Bull was a little skeptical, I think (re: beer + running) and noted that he wanted to “get after it.” I said that was fine. So we trotted confidently on the first couple of miles of flats, then charged the downs and fast-hiked the ups. We’d increase the pace until something of Bull’s would bark – Achilles, knee, etc. We’d back off until just below the pain threshold but always kept it skippy.
Coming back from the loop near the end (out in the pines, after you take a right at the four-way stop), we passed a woman racer with three crew. She looked like she has a stroke and they were dragging her near lifeless body back along the straightaway toward the finish. It was her first 100 and I haven’t seen anyone still mobile look worse in an ultra. That includes Ace at the Colorado 200 earlier this year.
We wished them well and kept up the pace. We got to the bottom of the first hill in the final section of woods and I started hiking up, looking over at Bull for cues.

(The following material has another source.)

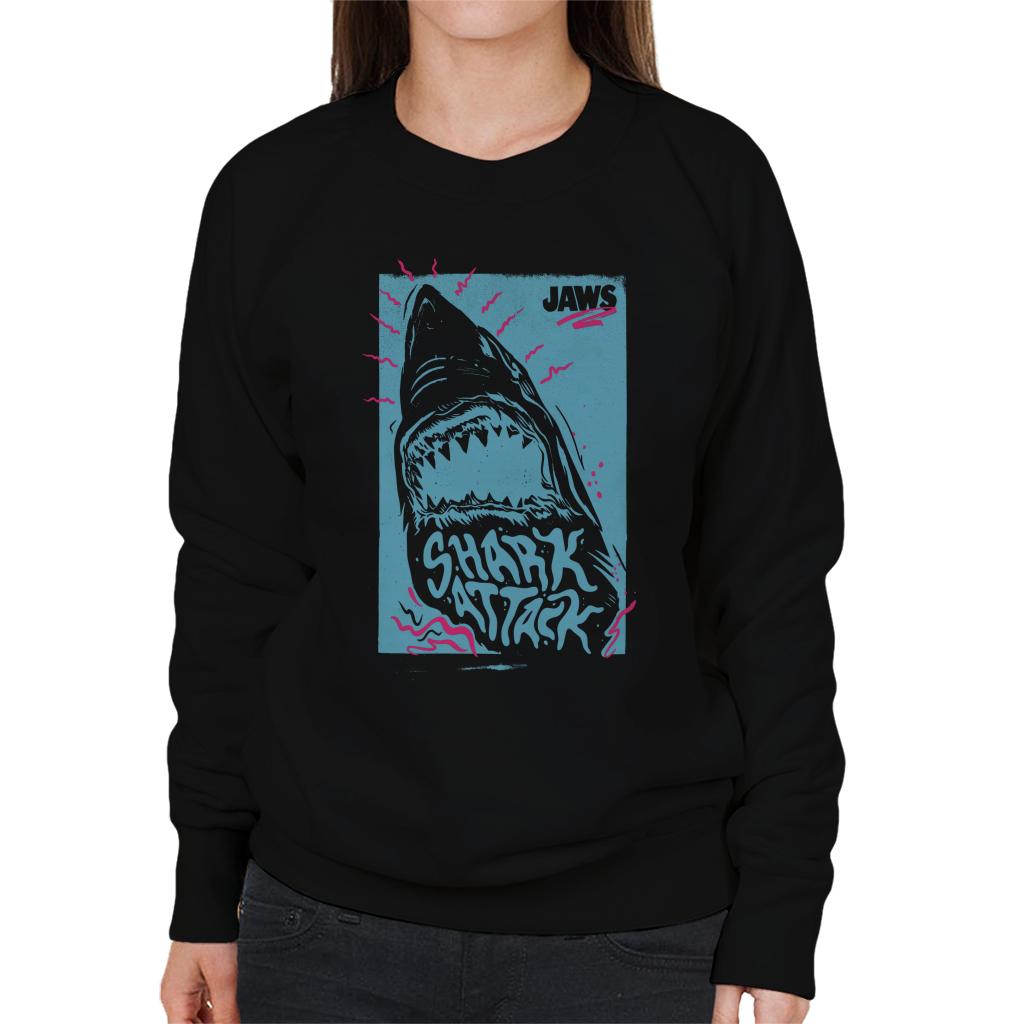 Jaws Shark Attack Wave Women's Sweatshirt-ALL + EVERY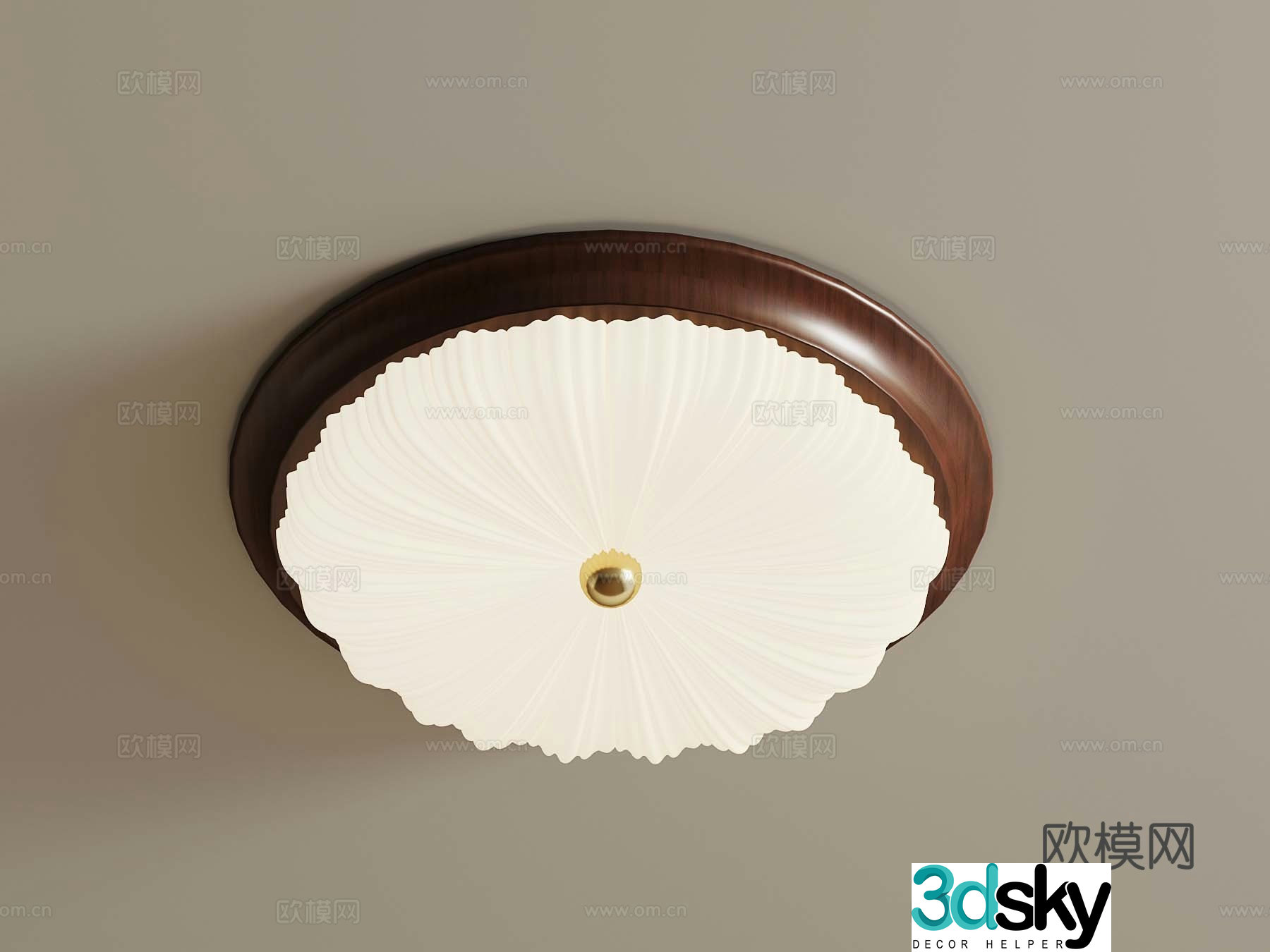 French cream air ceiling lamp 3d model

He continues running, looking at me…”fuck no!” So I say “ok then, awesome!” and we charge up the hills. For the final couple of rollers, he comes out of his skin and I just let him fly so he can get the attention and unobscured photos at the finish.
He comes in second @ 55:56, but way behind the winner who crushed the course record in something like 44:32. Not that Bull ever intended to go fast. Pending finishes Icarus and Across the Years, hopefully putting him at eight 200 mile buckles for the year and the Guinness record for most 200s. He was playing a much longer game where fast is deadly.
It was a wonderful weekend and I’m glad it played out as it did. Always nice to finish, of course, but there’s goodness beyond the Blue Loop.